[Opening Source records section]

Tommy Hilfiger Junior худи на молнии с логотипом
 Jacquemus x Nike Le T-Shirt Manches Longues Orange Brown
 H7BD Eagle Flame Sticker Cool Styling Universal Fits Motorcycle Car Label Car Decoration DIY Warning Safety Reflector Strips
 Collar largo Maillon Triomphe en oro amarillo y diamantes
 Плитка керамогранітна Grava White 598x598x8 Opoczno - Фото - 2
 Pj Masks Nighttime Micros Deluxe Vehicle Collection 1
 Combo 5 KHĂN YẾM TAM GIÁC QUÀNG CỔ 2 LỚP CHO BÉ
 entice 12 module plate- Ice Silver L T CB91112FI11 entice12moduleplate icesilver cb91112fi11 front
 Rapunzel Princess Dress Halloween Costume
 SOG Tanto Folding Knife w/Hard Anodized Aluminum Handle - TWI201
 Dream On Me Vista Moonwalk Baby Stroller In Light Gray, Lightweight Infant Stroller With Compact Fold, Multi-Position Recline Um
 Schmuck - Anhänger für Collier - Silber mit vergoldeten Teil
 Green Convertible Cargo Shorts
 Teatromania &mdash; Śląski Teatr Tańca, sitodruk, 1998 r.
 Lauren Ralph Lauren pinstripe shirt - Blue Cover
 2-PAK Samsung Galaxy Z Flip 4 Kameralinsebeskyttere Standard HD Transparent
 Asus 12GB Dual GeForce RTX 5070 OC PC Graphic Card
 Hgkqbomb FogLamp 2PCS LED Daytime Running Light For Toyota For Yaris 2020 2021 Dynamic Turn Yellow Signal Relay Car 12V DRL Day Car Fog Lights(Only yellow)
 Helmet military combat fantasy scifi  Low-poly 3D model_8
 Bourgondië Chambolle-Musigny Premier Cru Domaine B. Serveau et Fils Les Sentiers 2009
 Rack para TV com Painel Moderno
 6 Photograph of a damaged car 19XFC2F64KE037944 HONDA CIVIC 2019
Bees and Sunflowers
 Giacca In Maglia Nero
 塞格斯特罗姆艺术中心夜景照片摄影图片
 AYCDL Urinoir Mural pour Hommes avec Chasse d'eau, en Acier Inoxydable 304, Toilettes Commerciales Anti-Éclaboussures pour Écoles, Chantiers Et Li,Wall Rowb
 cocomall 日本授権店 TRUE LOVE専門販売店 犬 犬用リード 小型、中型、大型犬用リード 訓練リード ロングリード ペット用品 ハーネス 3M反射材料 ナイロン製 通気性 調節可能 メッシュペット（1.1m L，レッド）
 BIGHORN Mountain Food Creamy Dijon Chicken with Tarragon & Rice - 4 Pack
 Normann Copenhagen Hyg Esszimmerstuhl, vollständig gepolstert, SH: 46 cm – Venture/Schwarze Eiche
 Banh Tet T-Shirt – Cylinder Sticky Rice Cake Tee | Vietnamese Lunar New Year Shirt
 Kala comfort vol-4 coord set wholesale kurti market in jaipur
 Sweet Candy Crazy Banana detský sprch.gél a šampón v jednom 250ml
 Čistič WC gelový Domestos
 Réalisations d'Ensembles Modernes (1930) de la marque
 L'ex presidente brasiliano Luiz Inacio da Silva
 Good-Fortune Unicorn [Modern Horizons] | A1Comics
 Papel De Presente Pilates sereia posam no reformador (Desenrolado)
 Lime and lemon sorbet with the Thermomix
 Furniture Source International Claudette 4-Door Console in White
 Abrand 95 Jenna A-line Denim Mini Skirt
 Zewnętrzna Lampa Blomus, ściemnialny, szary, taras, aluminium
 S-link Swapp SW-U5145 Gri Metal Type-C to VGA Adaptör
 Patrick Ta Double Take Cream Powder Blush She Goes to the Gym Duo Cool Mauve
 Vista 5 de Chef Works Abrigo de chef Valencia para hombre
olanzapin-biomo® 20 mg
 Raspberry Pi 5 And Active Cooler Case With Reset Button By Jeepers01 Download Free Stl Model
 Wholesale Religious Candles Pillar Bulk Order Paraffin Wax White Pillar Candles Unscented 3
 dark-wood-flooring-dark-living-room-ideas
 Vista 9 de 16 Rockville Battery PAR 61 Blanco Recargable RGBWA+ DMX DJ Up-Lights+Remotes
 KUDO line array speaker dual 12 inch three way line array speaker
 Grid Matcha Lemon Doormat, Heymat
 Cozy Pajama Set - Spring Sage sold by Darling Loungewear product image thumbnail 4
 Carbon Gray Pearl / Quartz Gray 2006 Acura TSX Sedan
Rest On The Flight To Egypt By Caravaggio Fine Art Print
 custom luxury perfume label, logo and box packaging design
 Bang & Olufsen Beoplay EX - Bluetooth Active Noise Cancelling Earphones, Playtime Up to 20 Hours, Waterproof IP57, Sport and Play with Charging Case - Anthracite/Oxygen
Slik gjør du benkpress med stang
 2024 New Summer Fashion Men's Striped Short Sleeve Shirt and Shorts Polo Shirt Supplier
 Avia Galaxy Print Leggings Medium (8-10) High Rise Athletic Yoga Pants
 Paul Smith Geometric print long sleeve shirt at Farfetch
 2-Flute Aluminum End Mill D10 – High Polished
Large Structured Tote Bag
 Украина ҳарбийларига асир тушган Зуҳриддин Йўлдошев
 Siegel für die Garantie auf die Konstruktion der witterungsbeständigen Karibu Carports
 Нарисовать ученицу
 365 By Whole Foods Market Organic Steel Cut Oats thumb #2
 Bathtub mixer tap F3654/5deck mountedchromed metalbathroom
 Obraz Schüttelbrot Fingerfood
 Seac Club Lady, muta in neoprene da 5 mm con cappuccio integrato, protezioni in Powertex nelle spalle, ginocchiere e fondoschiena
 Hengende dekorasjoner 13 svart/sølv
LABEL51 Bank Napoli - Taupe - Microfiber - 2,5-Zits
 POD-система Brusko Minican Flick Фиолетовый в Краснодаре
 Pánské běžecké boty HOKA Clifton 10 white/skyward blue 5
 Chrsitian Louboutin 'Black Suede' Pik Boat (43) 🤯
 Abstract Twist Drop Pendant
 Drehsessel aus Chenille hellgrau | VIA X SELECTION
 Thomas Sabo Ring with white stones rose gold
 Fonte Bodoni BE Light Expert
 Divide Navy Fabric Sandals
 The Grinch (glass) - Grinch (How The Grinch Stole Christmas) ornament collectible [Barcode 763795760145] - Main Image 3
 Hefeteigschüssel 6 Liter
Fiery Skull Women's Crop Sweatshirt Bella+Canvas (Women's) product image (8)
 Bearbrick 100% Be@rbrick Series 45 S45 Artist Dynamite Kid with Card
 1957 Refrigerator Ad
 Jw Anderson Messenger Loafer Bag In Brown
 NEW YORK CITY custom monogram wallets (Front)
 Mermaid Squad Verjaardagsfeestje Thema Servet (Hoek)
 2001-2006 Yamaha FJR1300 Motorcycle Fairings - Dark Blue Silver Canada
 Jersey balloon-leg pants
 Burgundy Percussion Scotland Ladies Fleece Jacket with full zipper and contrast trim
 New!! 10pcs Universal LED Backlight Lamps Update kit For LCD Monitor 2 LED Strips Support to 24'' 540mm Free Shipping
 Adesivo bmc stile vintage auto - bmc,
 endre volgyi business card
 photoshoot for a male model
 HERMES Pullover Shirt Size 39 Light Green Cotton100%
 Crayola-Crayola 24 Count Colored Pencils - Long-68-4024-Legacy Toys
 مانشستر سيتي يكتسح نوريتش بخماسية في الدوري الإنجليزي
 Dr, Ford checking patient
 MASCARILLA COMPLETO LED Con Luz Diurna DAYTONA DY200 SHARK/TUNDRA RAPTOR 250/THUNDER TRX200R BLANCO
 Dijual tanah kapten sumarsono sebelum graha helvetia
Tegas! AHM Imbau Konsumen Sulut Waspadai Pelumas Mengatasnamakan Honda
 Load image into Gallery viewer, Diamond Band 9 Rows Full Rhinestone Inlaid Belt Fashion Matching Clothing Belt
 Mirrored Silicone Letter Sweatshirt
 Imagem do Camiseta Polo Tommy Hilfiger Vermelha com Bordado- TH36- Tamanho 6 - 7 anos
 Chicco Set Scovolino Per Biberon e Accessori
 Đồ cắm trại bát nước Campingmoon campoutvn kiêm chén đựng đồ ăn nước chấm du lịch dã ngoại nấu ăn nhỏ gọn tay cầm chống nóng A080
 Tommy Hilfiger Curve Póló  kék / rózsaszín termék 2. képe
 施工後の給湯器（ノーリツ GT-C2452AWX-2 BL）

[Closing Source records section]

Please transcribe only the lines in the records above running from the line that has "custom luxury perfume" through the line that has "2-Flute Aluminum End", both included, exactly as they appear.

■ **Task solution**
 custom luxury perfume label, logo and box packaging design
 Bang & Olufsen Beoplay EX - Bluetooth Active Noise Cancelling Earphones, Playtime Up to 20 Hours, Waterproof IP57, Sport and Play with Charging Case - Anthracite/Oxygen
Slik gjør du benkpress med stang
 2024 New Summer Fashion Men's Striped Short Sleeve Shirt and Shorts Polo Shirt Supplier
 Avia Galaxy Print Leggings Medium (8-10) High Rise Athletic Yoga Pants
 Paul Smith Geometric print long sleeve shirt at Farfetch
 2-Flute Aluminum End Mill D10 – High Polished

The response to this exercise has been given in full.